Oregon’s Aprovecho Research Center Builds Stoves to Help the Environment, Health, and Humanity
“The Row River and the Willamette’s coast fork converge at this mossy town nestled between the Coast Range and the Cascades. Oregon’s old-time timber culture and its storied counterculture do, too. It’s a town where, not far from the natural-foods store sits a meat-cutting school, and taking cover across Main Street from the Victorian antiques shop is a purveyor of fine machine guns.
“So another unlikely convergence shouldn’t surprise.
“Here, at a funky little farm populated by an amiable black Labrador and a bossy flock of free-range chickens, a band of Oregon engineers and dreamers last week welcomed representatives of the World Food Programme and the United Nations High Commissioner for Refugees.
“The distinguished visitors from Switzerland, Italy, Darfur, Sri Lanka and elsewhere came to study and debate ways to alleviate some of the globe’s most crushing health and environmental problems with one seemingly simple solution.
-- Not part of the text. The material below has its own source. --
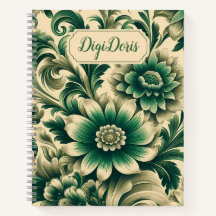 Cuaderno de tapa dura floral clásico con texto per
To reduce lung-choking indoor air pollution and to stem deforestation and climate change, they want to equip nearly half the world with clean-burning, fuel-efficient, affordable cookstoves. An estimated 3 billion people don’t have that luxury.
“So, naturally, the delegation came to Cottage Grove, hotbed of cookstove innovation and technology, home of Aprovecho Research Center.”